The big opportunity for residential building materials is to make it easier for homeowners to play with their homes.
Companies should be empowering homeowners to be designers and problem solvers by providing them apps that are easy to find and use.
These apps should let customers dream a little:
- Let’s reorganize your kitchen. As the customer uses the app, they start seeing the changes they’d like to make. For some, it will be something as simple as a new appliance. Others will want to redo the entire kitchen.
- Let’s reorganize your closets, laundry room or garage. This would lead to more small and large sales for closet organization companies.
- Door and window maintenance videos. This would lead to more educated homeowners who will be more likely to upgrade their hardware, add a screen door or replace their doors and windows.

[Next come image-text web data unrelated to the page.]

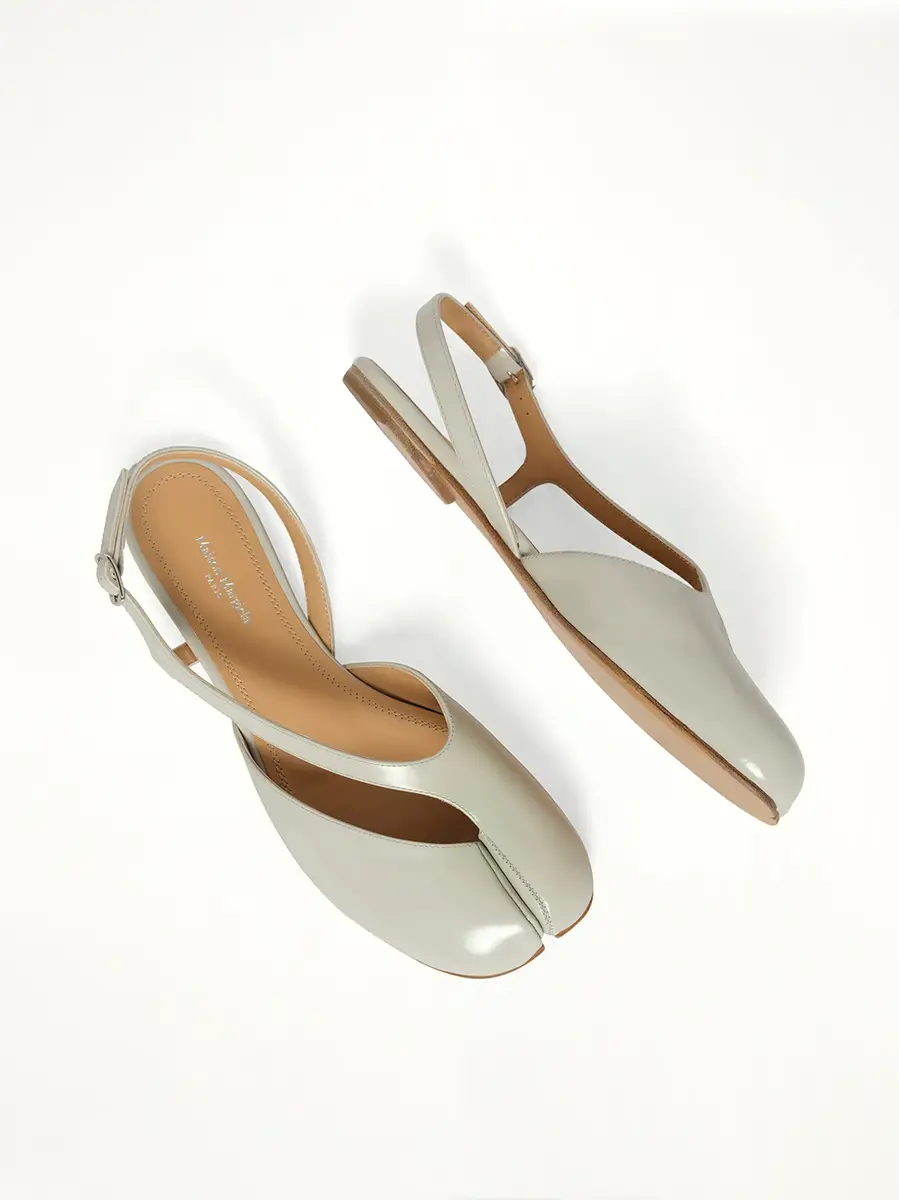 Maison Margiela Tabi Flat Slingback in Alabaster | Thumbnail 4 Maison Margiela Tabi Flat Slingback in Alabaster | Thumbnail 4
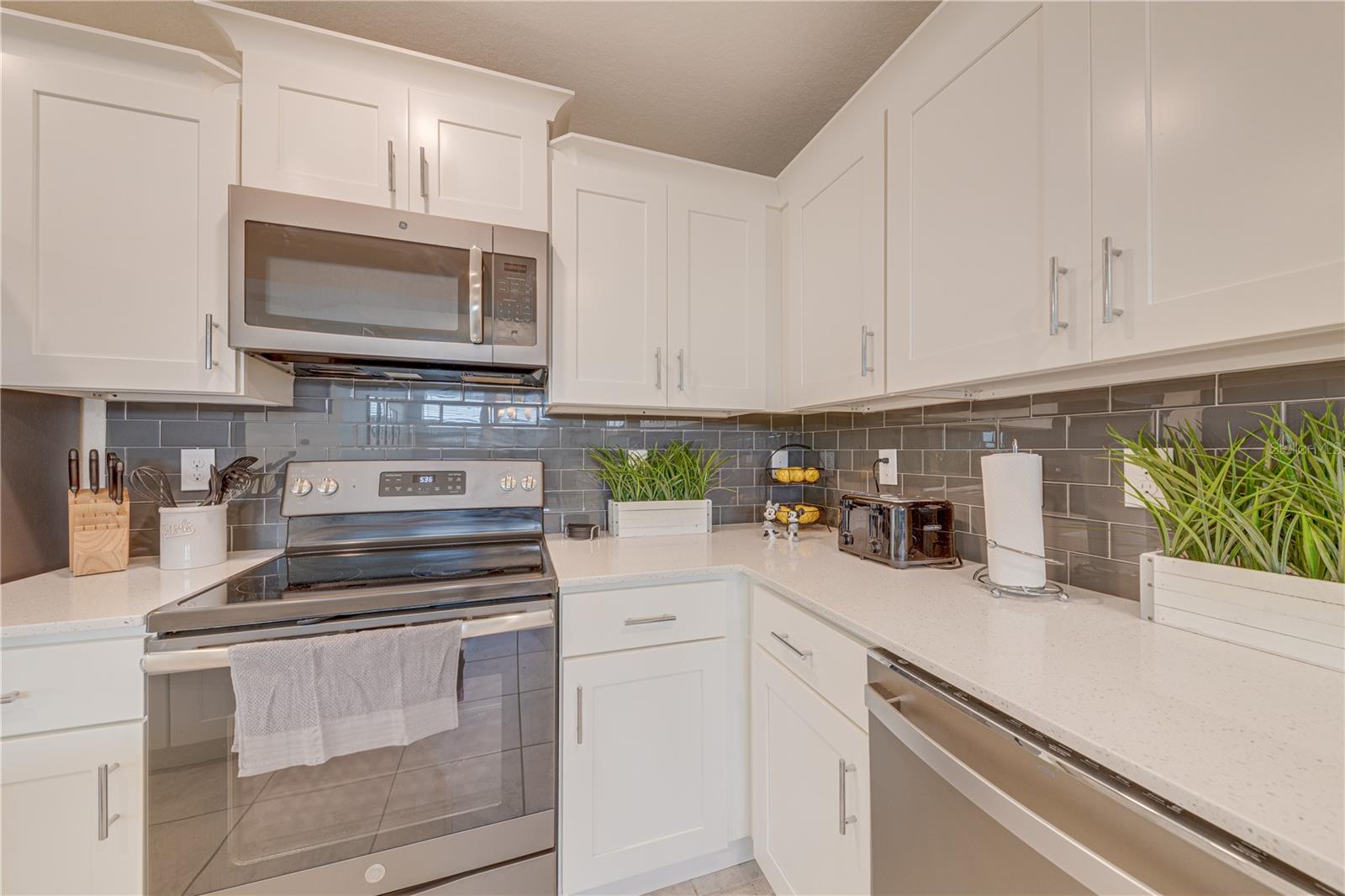 Image 8 of 58 For 3120 Paradox Circle 308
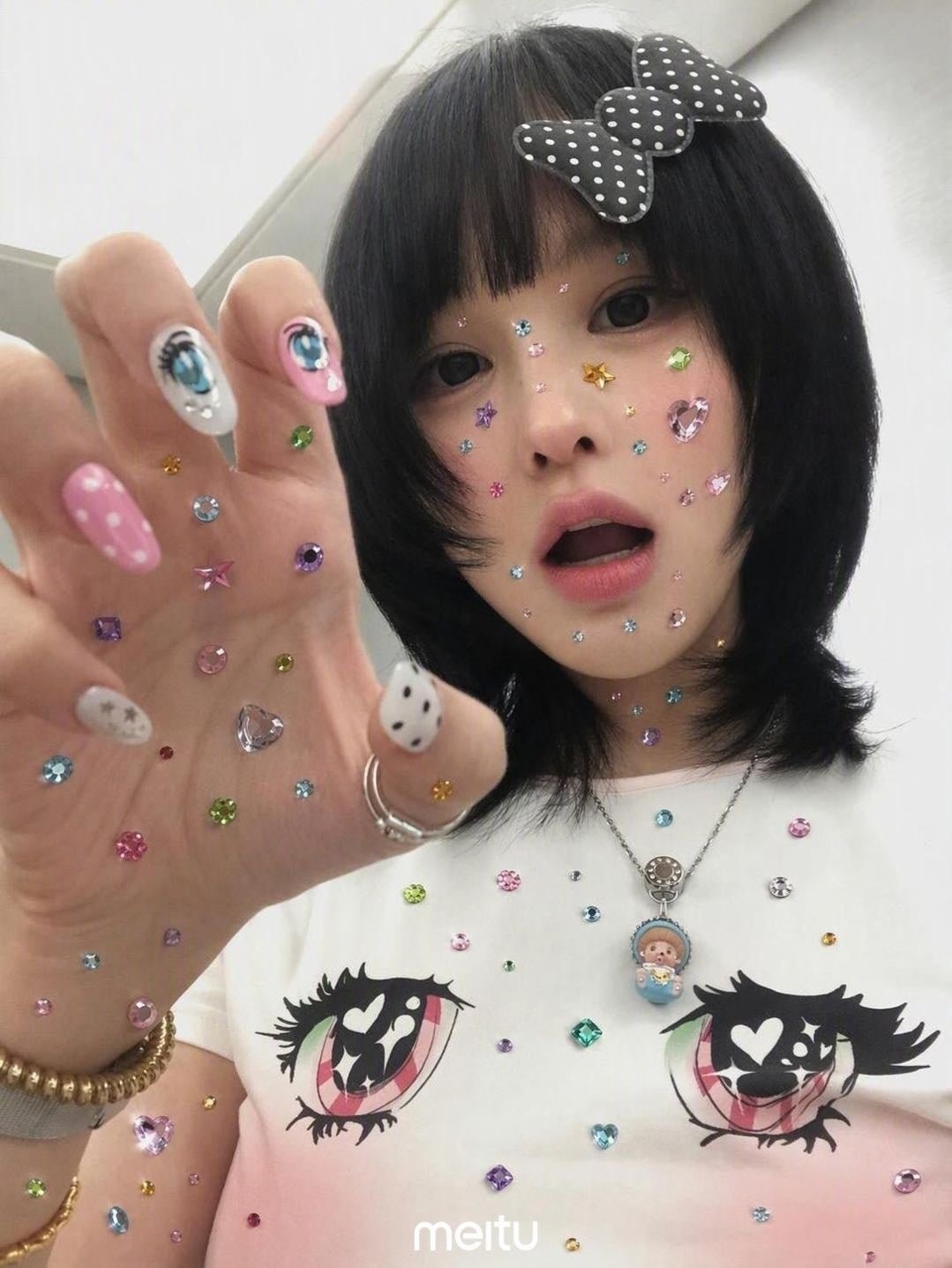 SNSで大バズり中!写真1枚で楽しむ「ビジューデコAI」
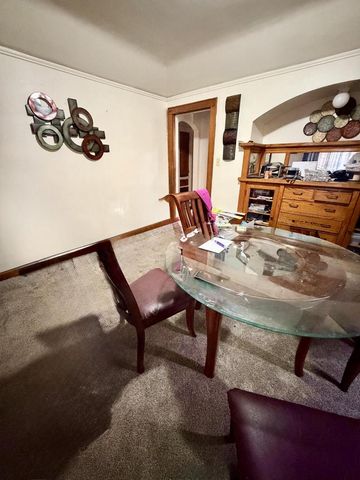 4628 W Leon TERRACE, Milwaukee, WI 53216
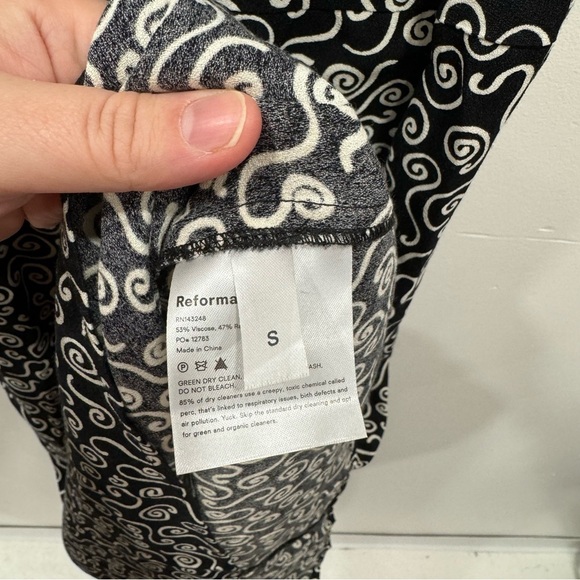 Reformation Astrid Midi Dress Spiral Print Black White Small - Picture 4 of 8
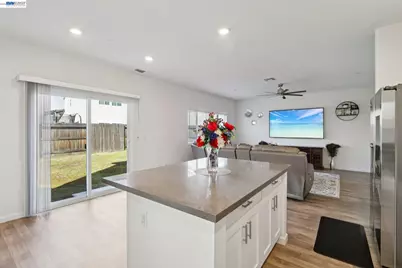 1449 Dorona Ln, Manteca, CA 95336 - Photo 13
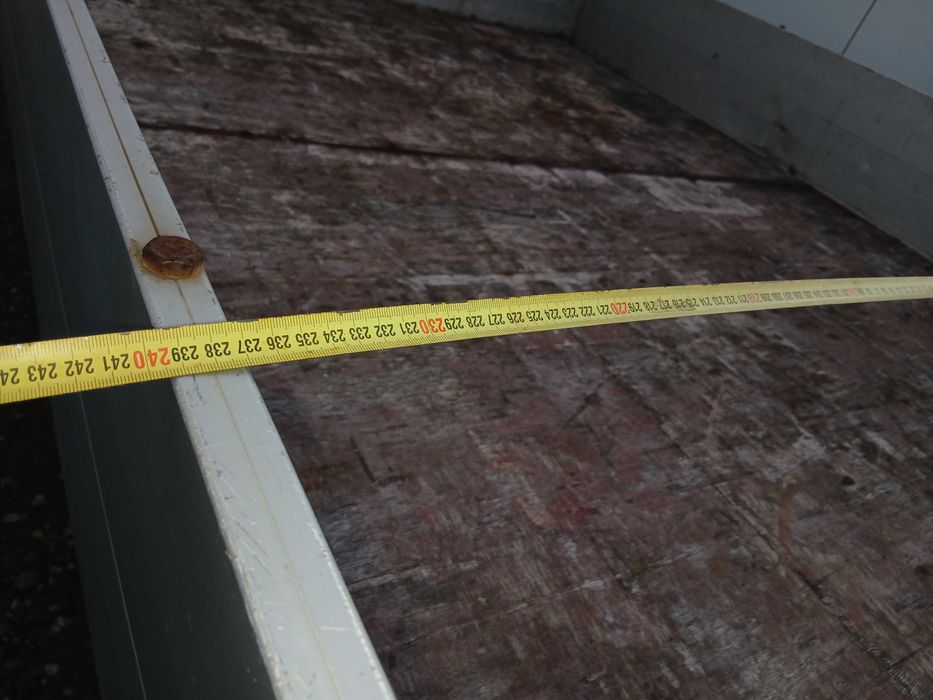 Продавам микробуси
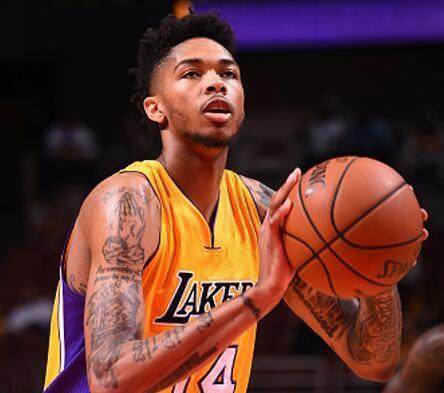 公开表态 公开表态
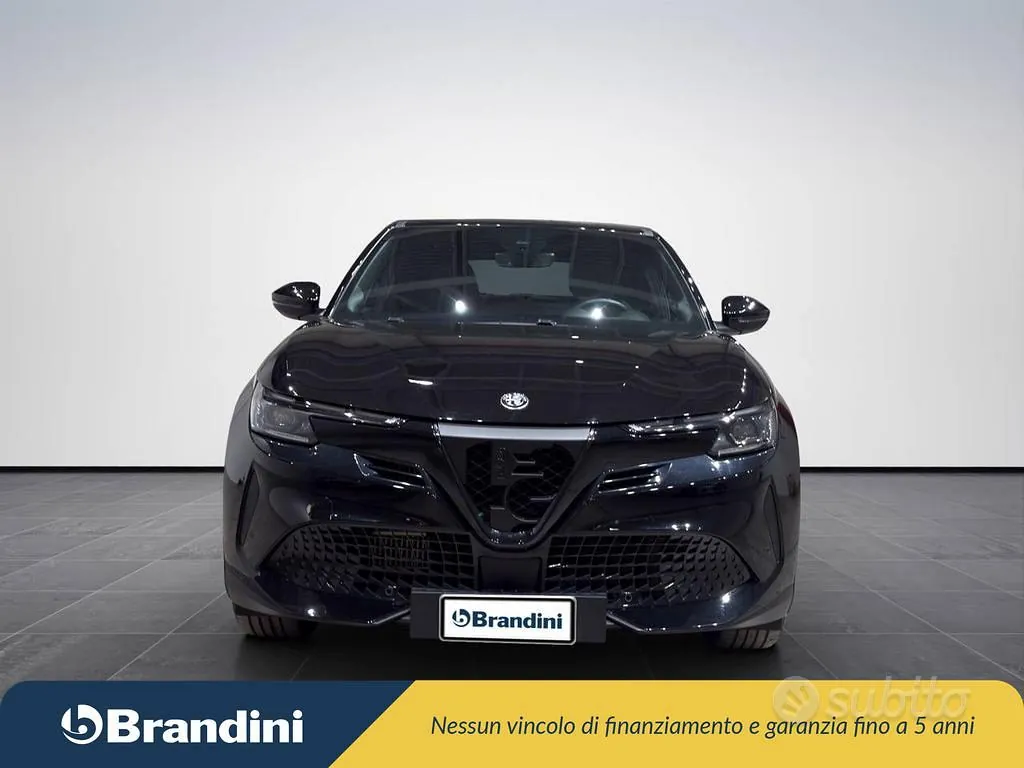 Alfa Romeo Junior 2025 photo 3
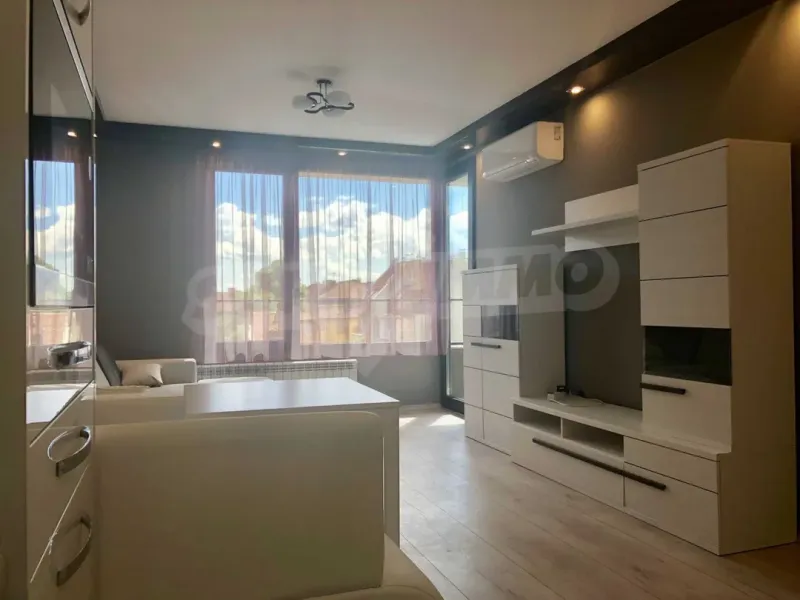 Stylish Sofia Apartment Near Metro - Fully Furnished - Image 2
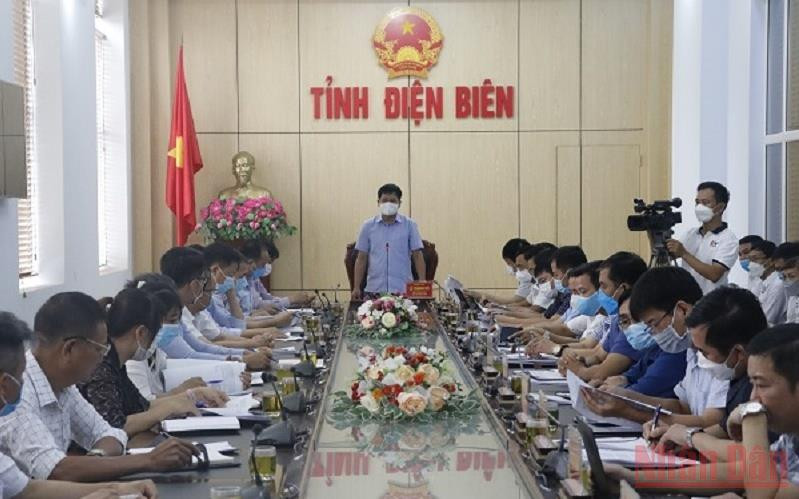 Lãnh đạo UBND tỉnh Điện Biên đối thoại với Hiệp hội doanh nghiệp tỉnh.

- How-to redesign your bathroom app or video series. This would get more homeowners to realize how much they would enjoy a new bathroom.
- Turn your backyard into your special place. Showing customers that the backyard can be so much more than just a bit of extra space would lead to more deck, fencing and landscaping sales.
The idea is to get the project that uses your product on the radar screen of more homeowners. They are already sitting at home staring at the problem. You can offer them the solution.
Most home improvement sales are focused on inbound inquires and having a relatively high close ratio.
That works in normal times. But these aren’t normal times.
Home improvement product companies should switch to the top of the sales funnel while people are sitting in their homes. That’s the way to create more customers while people are quarantined.
This requires a different measure of success. For example, you would never consider closing 1 out of every 10 sales as a success. That’s because doing a design and in-home estimate means you’re investing a lot in your lead.
If someone comes to your site instead or uses your content to play with some renovation and reorganization ideas, they are doing it on their own time and only involve you when they have a question or are ready to move ahead.
In other words, once you have the content, you don’t have any additional costs.
Many companies already have some of these tools but they are hidden deep in their website instead of being front and center.
If you have content that enables people to think about improving their homes, on their own, use it! Start with what you have and look for ways to improve it.
If you don’t have content like this, think about how quickly you can develop it and let people know that it’s available.
Builders can also benefit from people being stuck at home. Rather than a “Here’s our models and costs” approach, they should take a “What if you moved to a new home?” approach.
Our current situation is unprecedented and few of us are prepared to deal with it. But it’s only a crisis until you can see an opportunity in it. If you can help homeowners envision themselves in a better home and supply them with the products they need to make it happen, you’ve got the tools to make lemonade out of this pile of lemons.